Mais s’il y a ceux qui entrent, il y a aussi ceux qui sortent et c’est le cas pour Christophe Castaner, Nicole Beloubet, Didier Guillaume, Muriel Pénicaud et Sibeth Ndiaye.
Il est important de noter que les principaux mouvements ont principalement eu lieu “en interne”.
Gérald Darmanin devient ainsi ministre de l’Intérieur, Elisabeth Borne récupère le portefeuille de Muriel Pénicaud, Annick Girardin passe des Outre-mer à la Mer et Franck Riester est rétrogradé du ministère de la Culture à un poste de ministre délégué en charge du Commerce extérieur et de l’Attractivité. Sébastien Lecornu est promu ministre (anciennement ministre délégué en charge des Collectivités territoriales) et récupère les Outre-mer, tout comme Julien Denormandie qui quitte son portefeuille de ministre délégué au Logement pour prendre le ministère de l’Agriculture et de l’Alimentation. Amélie de Montchalin a également obtenu une belle promotion en passant du secrétariat d’Etat aux Affaires européennes à un poste de ministre de la Transformation et de la Fonction publique. Emmanuelle Wargon (anciennement secrétaire d’Etat auprès de la ministre de la Transition écologique) monte également en grade et devient ministre déléguée en charge du Logement. Même chose pour Marlène Schiappa (anciennement secrétaire d’Etat chargée de l’Egalité entre les femmes et les hommes) qui devient ministre déléguée chargée de la Citoyenneté. Enfin, Gabriel Attal reste secrétaire d’Etat, mais quitte le ministère de l’Education nationale et de la Jeunesse pour prendre le porte-parolat du gouvernement, alors qu’il était fortement pressenti pour remplacer Gilles Le Gendre à l’Assemblée nationale.

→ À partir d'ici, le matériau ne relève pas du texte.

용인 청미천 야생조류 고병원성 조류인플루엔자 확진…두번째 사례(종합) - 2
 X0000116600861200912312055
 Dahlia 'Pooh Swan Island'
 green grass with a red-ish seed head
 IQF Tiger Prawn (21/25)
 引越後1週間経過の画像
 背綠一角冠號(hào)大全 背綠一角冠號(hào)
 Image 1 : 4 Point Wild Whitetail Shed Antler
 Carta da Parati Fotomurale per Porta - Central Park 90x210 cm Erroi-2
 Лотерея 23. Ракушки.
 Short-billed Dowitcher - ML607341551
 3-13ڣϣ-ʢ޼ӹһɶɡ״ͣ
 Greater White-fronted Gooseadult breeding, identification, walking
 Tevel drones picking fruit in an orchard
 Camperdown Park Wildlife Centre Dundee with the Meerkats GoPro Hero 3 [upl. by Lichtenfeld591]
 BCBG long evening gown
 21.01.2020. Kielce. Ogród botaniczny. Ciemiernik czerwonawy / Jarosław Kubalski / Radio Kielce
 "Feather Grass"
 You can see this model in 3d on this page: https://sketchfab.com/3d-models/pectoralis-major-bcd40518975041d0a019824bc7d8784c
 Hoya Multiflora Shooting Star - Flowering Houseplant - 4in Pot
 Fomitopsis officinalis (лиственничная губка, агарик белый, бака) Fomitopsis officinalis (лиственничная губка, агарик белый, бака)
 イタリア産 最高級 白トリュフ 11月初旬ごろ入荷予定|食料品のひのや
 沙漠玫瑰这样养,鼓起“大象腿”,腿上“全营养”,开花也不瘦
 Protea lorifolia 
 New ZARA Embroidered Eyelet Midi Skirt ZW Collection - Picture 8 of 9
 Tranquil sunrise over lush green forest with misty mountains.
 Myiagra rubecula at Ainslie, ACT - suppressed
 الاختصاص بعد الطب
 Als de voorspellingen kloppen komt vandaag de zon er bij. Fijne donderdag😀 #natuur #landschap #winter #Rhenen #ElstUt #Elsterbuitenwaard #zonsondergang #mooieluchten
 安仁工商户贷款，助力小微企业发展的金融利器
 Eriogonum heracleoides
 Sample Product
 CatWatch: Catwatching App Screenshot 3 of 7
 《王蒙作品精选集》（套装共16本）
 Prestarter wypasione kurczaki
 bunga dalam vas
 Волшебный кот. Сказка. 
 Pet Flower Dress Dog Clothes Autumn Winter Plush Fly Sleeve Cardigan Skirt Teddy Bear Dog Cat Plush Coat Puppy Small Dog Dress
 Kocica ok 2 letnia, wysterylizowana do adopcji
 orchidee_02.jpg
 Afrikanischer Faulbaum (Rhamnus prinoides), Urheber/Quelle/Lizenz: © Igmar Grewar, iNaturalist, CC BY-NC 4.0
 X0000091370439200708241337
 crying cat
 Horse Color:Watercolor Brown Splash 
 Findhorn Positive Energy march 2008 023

D’autres restent tout simplement à leur poste : Jean-Yves Le Drian conserve les Affaires étrangères, Jean-Michel Blanquer conserve l’Éducation et la Jeunesse (mais il hérite en plus des Sports), Bruno Le Maire reste à l’Économie (mais il agrandit son périmètre avec les Finances et la Relance), Florence Parly demeure ministres des Armées, Jacqueline Gourault reste à la Cohésion des territoires, comme Olivier Véran aux Solidarités et à la Santé et Frédérique Vidal à l’Enseignement supérieur.
Du côté des ministres délégués, Marc Fesneau conserve pour sa part les Relations avec le Parlement, Jean-Baptiste Djebbari garde les Transports, Olivier Dussopt conserve les Comptes publics. Agnès Pannier-Runacher reste elle aussi à Bercy, chargée de l’Industrie, et Roxana Maracineanu conserve son portefeuille aux Sports. Enfin, Geneviève Darrieussecq reste au ministère des Armées, chargée de la mémoire et des anciens combattants.
Outre les “surprises” et incompréhensions qui ont déjà suffisamment défrayé la chronique, quels sont les enseignements que nous pouvons tirer de ce remaniement plus qu’attendu ?
Nous pouvons dire dans un premier temps qu’Emmanuel Macron cherche, en nommant Jean Castex au poste de Premier ministre, à atteindre un double objectif : séduire un électorat de droite conservateur et avoir un Premier ministre qui ne lui fera pas de l’ombre, notamment dans la perspective de l’élection présidentielle de 2022.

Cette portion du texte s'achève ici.